Any hints what I might did wrong?


----------



## SirDice (Nov 19, 2013)

You're not doing anything wrong. Packages are always built using the default options. And the default PHP is lang/php5 which is 5.4.x.


----------



## icecoke (Nov 19, 2013)

SirDice said:
			
		

> You're not doing anything wrong. Packages are always built using the default options. And the default PHP is lang/php5 which is 5.4.x.



Ok, thank you so far, but why is the `pkg set -o lang/php5:lang/php55` not respected? In my understanding this should override the default PHP in this case? When I read the `pkg set` manpage there are examples showing exactly this, isn't it?


----------



## kpa (Nov 19, 2013)

It does that only for the packages that are installed at the time when you execute the `pkg set` command. Packages that are installed after that still want to pull their own dependencies. The `pkg set` does not set any preferred versions, it's only for fixing wrongly set dependencies on already installed packages.

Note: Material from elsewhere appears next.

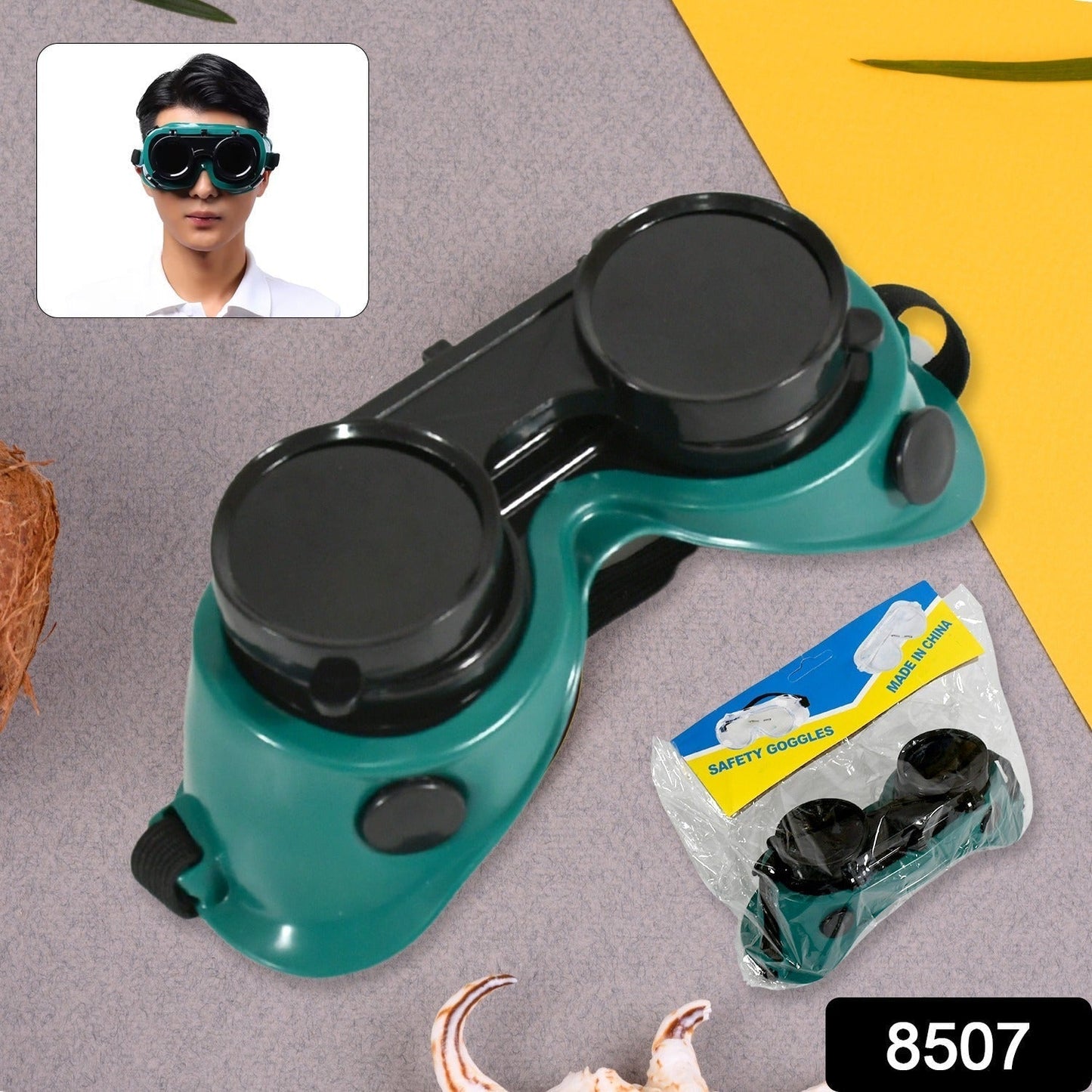 Safety Welding Goggles Anti Radiation Goggles Protective Goggles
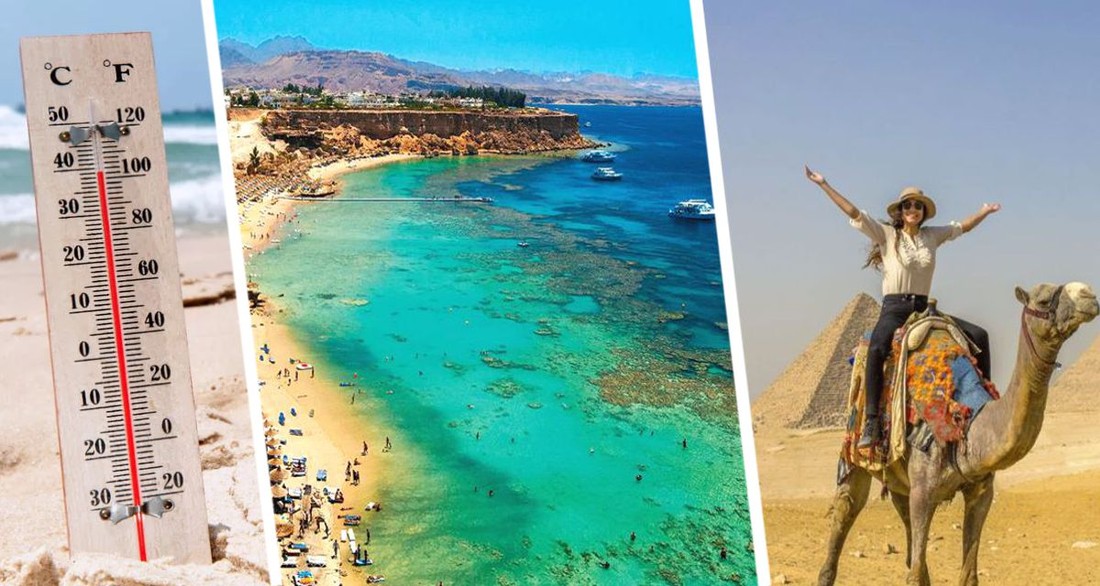 Над Египтом ожидается сильная депрессия, туристов строго предупредили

Before you ask, setting such preferences do not belong in pkg(8). They belong in the ports(7) infrastructure and a hypothetical package manager application (in the vein of aptitude for Debian bases Linuses) that does not exist yet.


----------



## icecoke (Nov 20, 2013)

@kpa, thanks a lot for this view.

So, it won't be possible to stop pkg from reinstalling old dependencies with e.g. defining NO_DEPENDS as suggested in the ports(7) manpage? So, pkg should ONLY be used on a system where I don't want to decide what's going on?


----------



## SirDice (Nov 20, 2013)

Either that or set up your own repository and build your own packages. Then you can set whatever dependencies you want.


----------



## kpa (Nov 20, 2013)

NO_DEPENDS disables installation of the dependencies of a port so that's not very useful 

What is really missing is a way to configure a set of preferences like "I want PHP version 5.5 for all packages that need PHP". How to really do that, I don't know yet. The way the dependencies are set to stone at the compile time is in direct conflict with the need to change them at installation time and I don't see an easy solution to this problem.


----------



## icecoke (Nov 20, 2013)

@SirDice, this sounds like a nice option. Thanks a lot!


----------